10
5.4 Starten van de motor
• Controleer of de bougiekabel op de bougie zit.
• Controleer of de aandrijving van het maaimechanisme ontkoppeld is.
• Zet de versnellingshendel in neutraal
• Starten van de koude motor: verschuif de gashendel in de choke positie.
• Starten van de warme motor: schuif de gashendel op "volgas" (1-1,5 cm boven de positie van de choke)
• Druk het rempedaal helemaal in.
• Draai de sleutel en start de motor
• Als de motor gestart is, schuif de gashendel van "choke" naar "vol gas", als de choke gebruikt werd.
• Gebruik bij een koude start de machine niet onmiddellijk, maar laat de machine eerst enige minuten
lopen, zodat de olie opgewarmd wordt.
5.5 Stopzetten
Ontkoppel de hendel voor de aandrijving van het mulching maaidek en zet de rem vast. Laat de motor
even stationair draaien. Zet de motor af door uitschakelen met de contactsleutel. Neem de contactsleutel
uit het contactslot. Na het uitschakelen kan de motor erg warm zijn. Pak de uitlaat, cilinder of koeling niet
vast. Hieraan kunt U zich ernstig verbranden.

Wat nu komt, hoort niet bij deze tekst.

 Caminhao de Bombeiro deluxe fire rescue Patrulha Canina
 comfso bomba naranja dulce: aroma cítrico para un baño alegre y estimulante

5.6 Rijden over het terrein
Controleer voor het rijden of zich in de motor de juiste hoeveelheid olie bevindt. Als de machine op hellend
terrein gebruikt wordt moet het oliepeil zeker op vol "FULL" staan.
Wees voorzichtig als u op een helling rijdt. Rijdt altijd van boven naar beneden over de helling en niet
dwars op de helling daar anders gevaar voor kantelen ontstaat.
Beperk de snelheid op hellingen zodanig dat u in scherpe bochten kantelen of controleverlies over de
machine voorkomt.
AANWIJZING!
Deze machine is niet bestemd voor het rijden over openbare verkeerswegen.
Draai het stuurwiel niet tot aan de aanslag, als de machine in de hoogste versnelling staat en de gashendel
op vol gas staat, omdat de machine op deze wijze zou kunnen kantelen (uit de bocht vliegen).
Houdt handen en voeten van de aandrijfketting vandaan indien de motorkap niet is gemonteerd, zodat u
zich niet verwondt. Bij ingebruikname moet steeds de motorkap gemonteerd zijn.
Houdt de motor tijdens het maaien op vol gas.
Rij nooit van een helling met de versnellingshendel in de "neutraal" stand.
Blokkeer de zitmaaier bij het afzetten van de motor op de helling steeds met de parkeerrem.
5.7 Gras maaien, mulching
Laat het maaidek op het gras zakken.
Zet hendel 5 (afb. 4) in de hoogste stand (messen in werking).
Stel dan met hendel 41 (afb. 13) aan het mulching maaidek de maaihoogte in. De maaihoogte is
afhankelijk van de rijsnelheid en de toestand van het te maaien gras.
Wij bevelen aan om voor het rijden de versnellingen als volgt te gebruiken:
1.-2 : bij hoog, dicht en vochtig gras
3. : tijdens normale omstandigheden
4. : voor laag en droog gras
5. : als wegversnelling
Bij lang gras is het aan te bevelen om te schakelen naar een lagere versnelling. Bij langzamer rijden op het
grasveld verkrijgt u een beter maairesultaat.
Als u een hindernis moet nemen, moet u de aandrijving van de messen uitschakelen en het mulching
maaidek in de hoogst mogelijke positie heffen.